In the answer it was alleged that the administration had been granted by the county judge on a report of the county attorney that the estate owed an inheritance tax to the state, and Youngblood had been appointed temporary administrator, and he had retained Bass as his attorney; that the court, upon the advice of Bass, had made Youngblood permanent administrator, without notice, and had appointed appraisers of the estate, who had not made a report, but had notified appellants of their appointment and duties.

Without the petition being aided by the allegations of the answer, which placed the administration upon the provisions of the inheritance tax law alone, this case would be considered under the general provisions as to the administration of estates. This court is forced by the allegations in the answer to consider the constitutionality of the inheritance tax law, and especially that part of it relating to the appointment of administrators.

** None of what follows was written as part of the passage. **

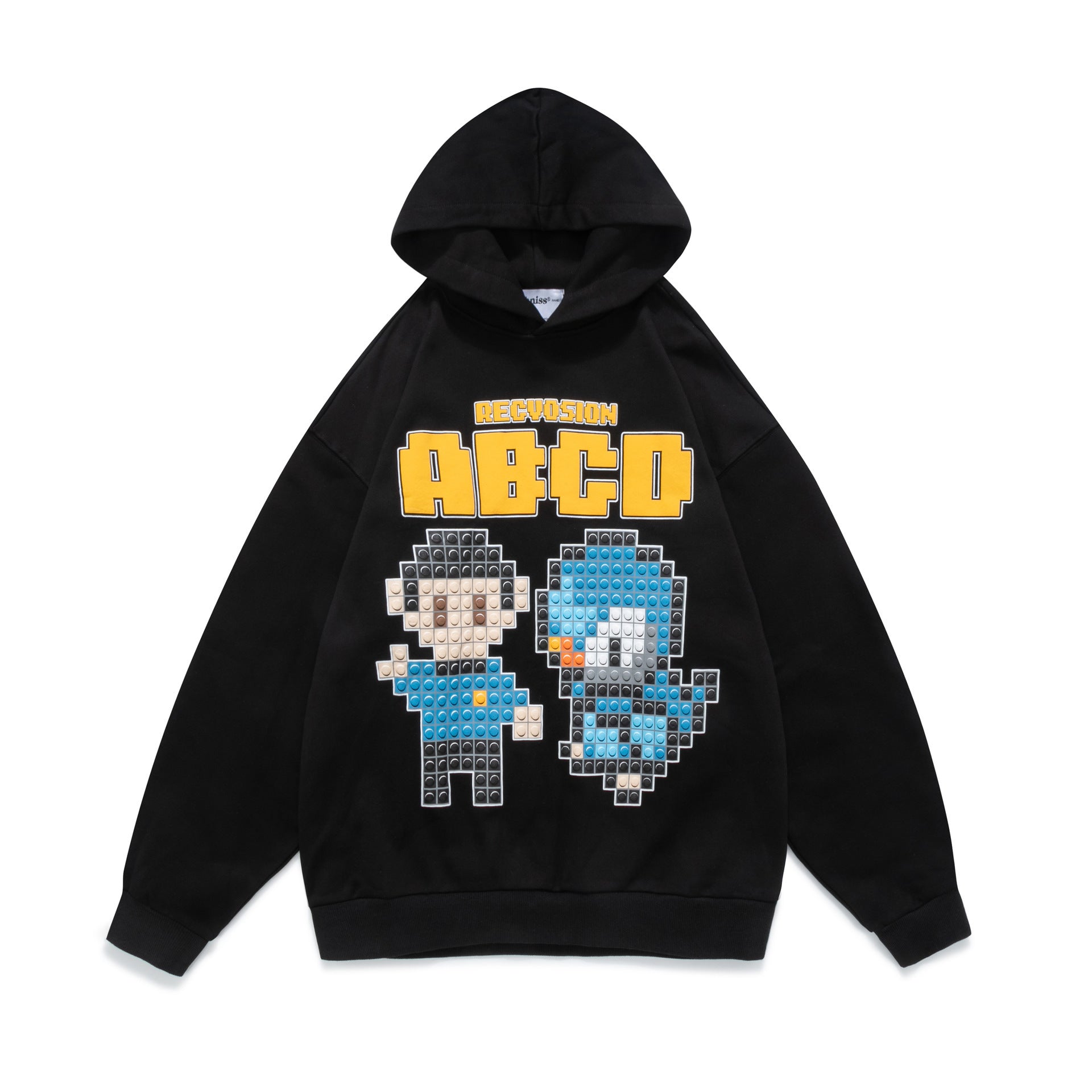 Retro Pixel Hoodie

In the act of 1907, appearing in the Revised Statutes of Texas as chapter 10, arts. 7487 to 7502, inclusive, provision is made for the collection under certain conditions of an inheritance tax. In the title to the act it is described as:

"An act to tax property passing by will or by descent or by grant or gift; taking effect on the death of the grantor or donor."

In section 5 of the act, being article 7491, Revised Statutes, it is provided:

"If within three months after the death of a decedent leaving property subject to taxation under this chapter, no application for letters testamentary or of administration shall be made, it shall be the duty of the county court to appoint an administrator. It shall be the duty of the county attorney to report to the judge of the county court all such estates, whether the property passes by will or by laws of descent or otherwise."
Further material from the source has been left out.